Provided data ::
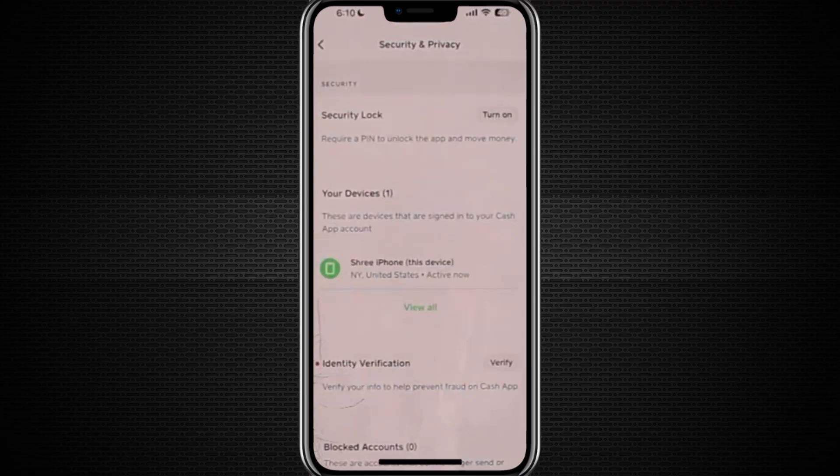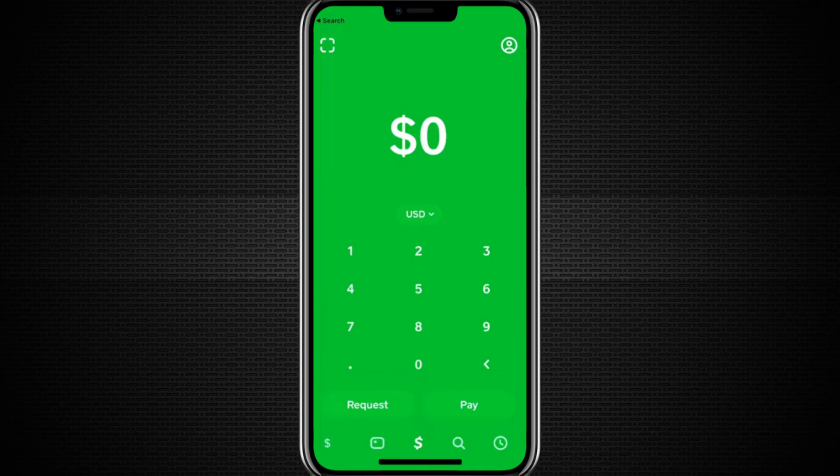One of the key options you'll find is something called Privacy Mode. You'll want to turn on Privacy Mode. Enabling this option ensures that your transactions are no longer visible to others in the app's social feed, meaning your payment and transfer activity will remain private to you.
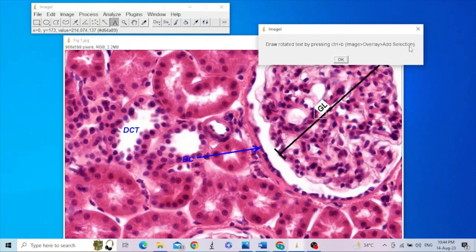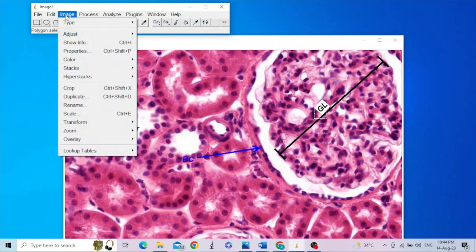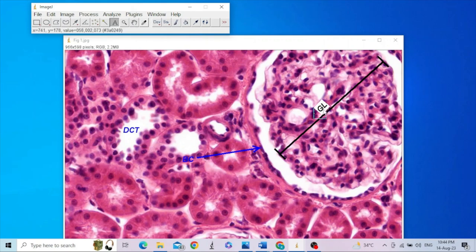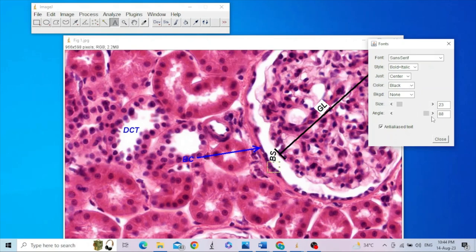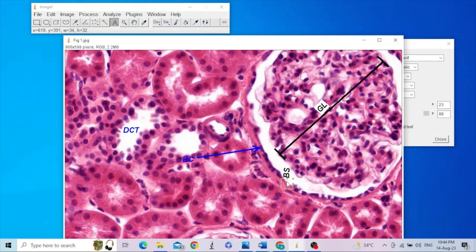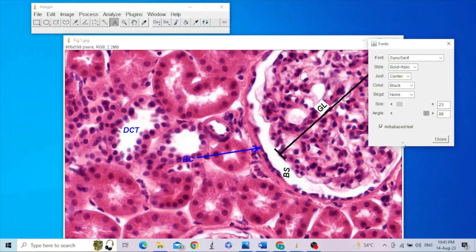For angled text, instead of using Edit > Draw, go to Image > Overlay > Add Selection. This properly renders the angled text onto the image. For example, if you want to add a label at 90 degrees for Bowman's space, double-click the text, set the angle to 90 degrees, then go to Image > Overlay > Add Selection. This is how you annotate your image in ImageJ — adding text, arrows, barred lines, and text at various angles like 90 or 45 degrees.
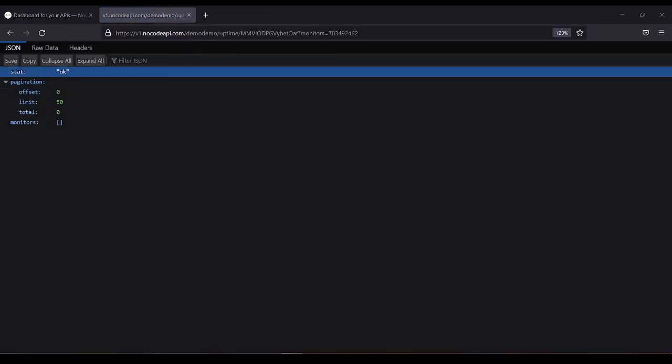So this is Uptime Robot API without code. Let's make it. Click and enter. And there you can see the JSON file.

Directions for this task :: Only the pictures are to be left out; the rest of the material above should be printed verbatim.

Result of the exercise ::
One of the key options you'll find is something called Privacy Mode. You'll want to turn on Privacy Mode. Enabling this option ensures that your transactions are no longer visible to others in the app's social feed, meaning your payment and transfer activity will remain private to you.
For angled text, instead of using Edit > Draw, go to Image > Overlay > Add Selection. This properly renders the angled text onto the image. For example, if you want to add a label at 90 degrees for Bowman's space, double-click the text, set the angle to 90 degrees, then go to Image > Overlay > Add Selection. This is how you annotate your image in ImageJ — adding text, arrows, barred lines, and text at various angles like 90 or 45 degrees.
So this is Uptime Robot API without code. Let's make it. Click and enter. And there you can see the JSON file.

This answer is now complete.